No documento anamariastephan (páginas 193-200)

Anjos e mensagens do além

“RECOMPOSIÇÃO-INOVAÇÃO” DO RELIGIOSO

Vou narrar um depoimento que pode servir de amostra de uma religiosidade confusa na sua exterioridade, mas que não é considerada assim por essa pesquisa, sendo que, juntamente com outras narradas do mesmo modo, permeiam as crenças e fés comuns e estão no mesmo nível de aceitação do que as demais narrativas do panteão de santos e divindades. São sim demonstrativas de crenças em mutações.

Estava em visita a uma família cuja senhora dona da casa, mãe de uma das mulheres que compunham as famílias assistidas pela ABAN e avó de uma adolescente falou de suas experiências religiosas. Hesitei em me referir a essa narrativa anteriormente, por ser de uma pessoa meio fora do perfil escolhido dos protagonistas desta pesquisa, mas nenhum outro depoimento foi tão contundente e rico em detalhes e, além disso, essa avó era quem, de acordo com a afirmação de sua neta, havia ensinado o que ela, a neta, sabia sobre religião. Esclarecendo, sua neta, de doze anos naquele momento, declarou-se católica, mas não tinha sido batizada. Na ausência de catequese a avó era a ponte histórica.
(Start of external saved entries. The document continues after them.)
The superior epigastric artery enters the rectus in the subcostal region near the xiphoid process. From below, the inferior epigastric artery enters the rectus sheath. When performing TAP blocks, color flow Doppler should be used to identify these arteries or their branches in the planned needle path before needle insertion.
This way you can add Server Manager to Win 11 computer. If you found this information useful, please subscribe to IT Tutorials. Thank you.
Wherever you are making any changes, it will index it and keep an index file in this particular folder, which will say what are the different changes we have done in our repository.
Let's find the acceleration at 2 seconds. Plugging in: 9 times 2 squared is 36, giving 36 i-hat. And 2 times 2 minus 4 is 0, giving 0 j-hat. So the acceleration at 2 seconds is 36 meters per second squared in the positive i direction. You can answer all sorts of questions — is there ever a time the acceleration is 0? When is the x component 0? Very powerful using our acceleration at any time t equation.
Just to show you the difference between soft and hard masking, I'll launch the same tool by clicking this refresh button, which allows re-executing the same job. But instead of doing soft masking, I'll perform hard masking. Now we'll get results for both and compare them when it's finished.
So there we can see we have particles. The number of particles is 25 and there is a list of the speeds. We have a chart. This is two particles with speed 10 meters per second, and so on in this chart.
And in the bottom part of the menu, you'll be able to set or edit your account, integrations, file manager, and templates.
Não foi uma narrativa linear, mas sim sujeita a idas e vindas e também aos gestos, mudanças bruscas de entonação de voz, olhares voltado para o alto, enfim toda uma performance teatral, colocada aqui sem nenhuma ironia ou depreciação.

Conta ela que estava sofrendo de muita angústia, pois não tinha dinheiro nem meios de suprir sua casa, além de estar doente e sua filha também e, com isso os netos também estavam com fome. Ajoelhou-se então e, juntando as mãos a implorando aos céus por socorro, pediu a Deus que lhe desse meio de suprir sua casa. Acabou sua prece e nada de resposta. Aí ela foi até a porta de sua casa e viu passar duas mulheres com um saco nas costas cada uma e elas eram guiadas e protegidas por dois anjos que, quando passaram por ela, lhe sorriram e desapareceram. Para ela foi uma iluminação, pois ela entendeu que devia, como as mulheres que passavam na rua, juntar latinhas de refrigerantes, e buscar na rua o que precisava para sua casa.
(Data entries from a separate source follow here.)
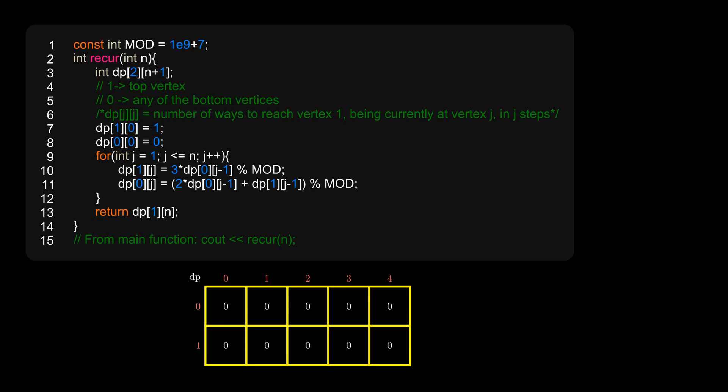I have taken the second test case from the problem, that is n=4 steps. So dp[1][4], that is 21, is our answer.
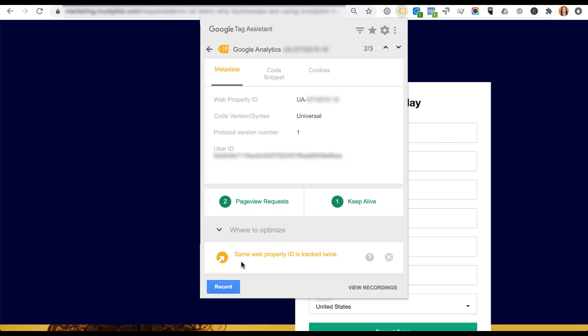There are a couple of other indicator types to know about: a blue option means some data is missing or something is non-standard for that tag, and a red option means something is broken. I'll show you what each of those looks like so you'll know what you're looking at if you come across them.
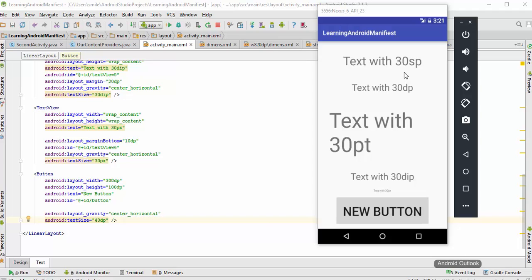I hope you got the concept of how we can use the various units in Android so that we can get a nice user interface in our application. Thank you for watching, and I will see you in the next part.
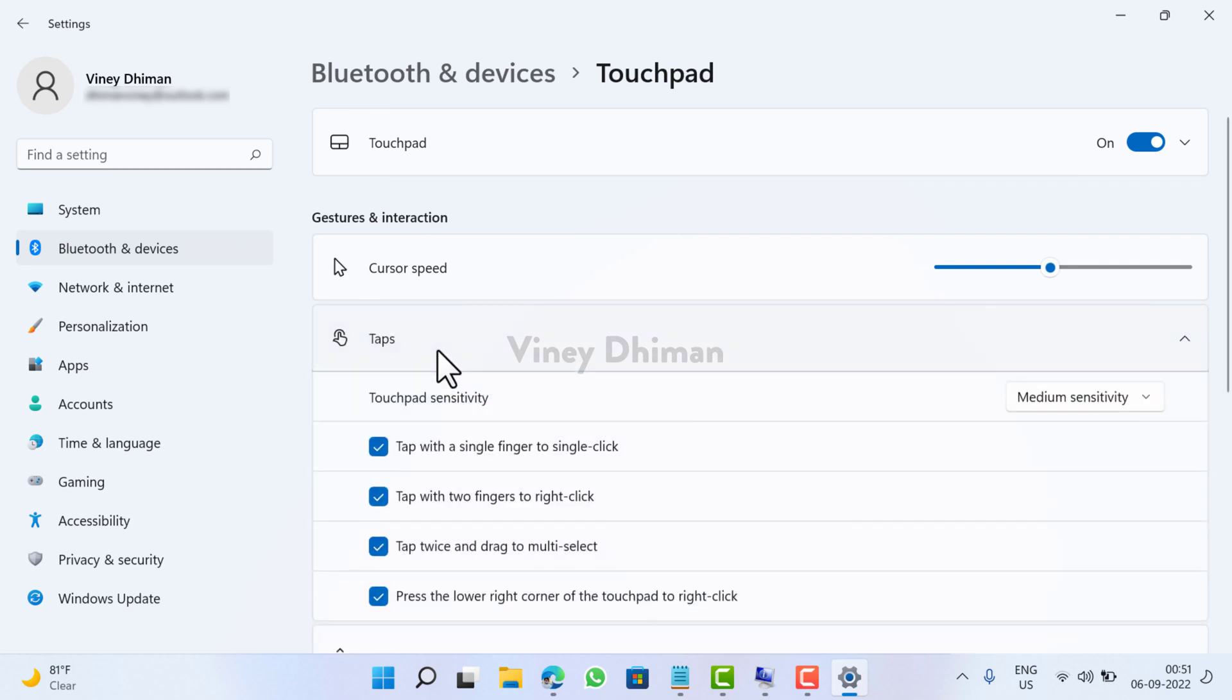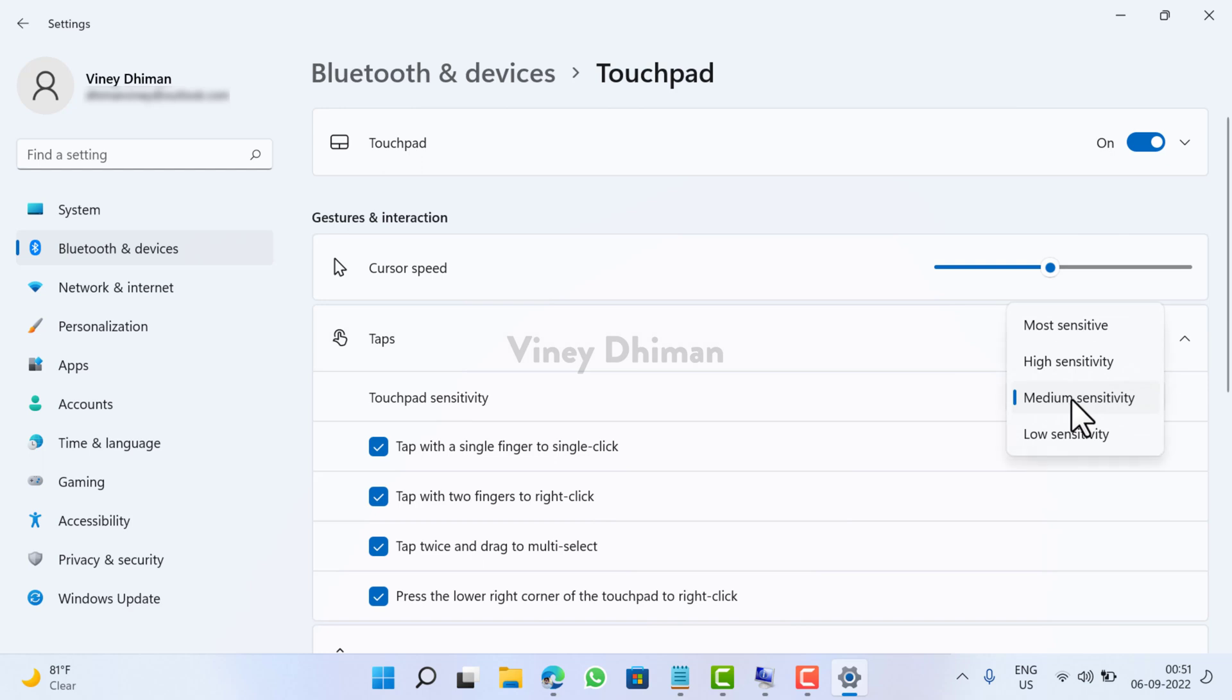Now under this you will find an option named Touchpad sensitivity. Now if you click here you will find different levels of touchpad sensitivity which includes more sensitive, high sensitivity, medium sensitivity and low sensitivity.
Daí ela começou a fazer coletas e em algumas ruas de um bairro vizinho, de classe média, passou a ser conhecidas das pessoas que juntavam as latinhas para ela e uma delas se apiedou e ajudou-a, posteriormente, a conseguir uma aposentadoria que a sustenta hoje. Além disso, disse ela que por onde passava, fazia amizades que lhe renderam doações como móveis, a televisão de vinte e nove polegadas (que ela disse que chegou a sua casa, no alto do morro, num carrinho de mão) e alimentos, que ela disse que nunca mais faltou em sua casa. Exalta os anjos vistos como seres de luz que lhe abriu caminhos. Uma garota também disse ter visto anjos.
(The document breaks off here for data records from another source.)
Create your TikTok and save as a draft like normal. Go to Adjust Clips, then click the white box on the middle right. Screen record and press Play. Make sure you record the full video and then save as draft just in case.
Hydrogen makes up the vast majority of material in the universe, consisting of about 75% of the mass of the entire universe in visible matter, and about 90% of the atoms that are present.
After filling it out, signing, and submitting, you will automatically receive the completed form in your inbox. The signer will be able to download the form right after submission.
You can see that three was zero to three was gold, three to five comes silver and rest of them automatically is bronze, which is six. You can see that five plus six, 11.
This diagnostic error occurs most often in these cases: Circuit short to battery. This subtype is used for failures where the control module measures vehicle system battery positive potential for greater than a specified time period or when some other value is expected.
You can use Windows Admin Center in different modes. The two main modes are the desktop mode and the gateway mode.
Em outro momento ela narrou o percurso religioso de sua vida. Conta ela que quando nasceu ela nasceu, ela ia ser batizada, mas o padre não deixou porque

disse que a mãe dela não merecia. Então resolveram levar a menina para a “religião do capeta” e estava deitadinha numa esteira onde a deixaram enquanto a cerimônia não começava e então Nossa Senhora apareceu e tomou-a nos braços e não a deixou ir para a outra crença. Por não ser de uma nem de outra crença ela passou a vida sofrendo e muito triste. Até que os anjos acima apareceram e ela pode enfim ganhar alguma estabilidade e abdicar da duplicidade e ficar só com Nossa Senhora.

Trouxe essa narrativa para a reflexão, pois me parece que elas são boas para se pensar o universo religioso dos que afirmam ter religião. Não só ela teve influência direta na formação religiosa da neta, mas também ela é vista pelos adolescentes com os quais conversei meio como uma reserva de fé comunitária. Disseram que ela reza muito, mas que nunca a viram na igreja, nem em missa, nem em procissões, nem nada. Pelo que depreendi ela é muito respeitada por eles.

Essas pessoas, nem sempre as mais velhas, são reconhecidas na comunidade e mesmo os adolescentes mais rebeldes não se permitem formas de depreciação e deboche que são comuns em relação a outras pessoas. Talvez seja essa outra forma de manifestação de respeito às coisas sagradas, como também é respeitada a Capela e não outros locais. A sede da ABAN no bairro está com todos os vidros do prédio quebrados por pedradas.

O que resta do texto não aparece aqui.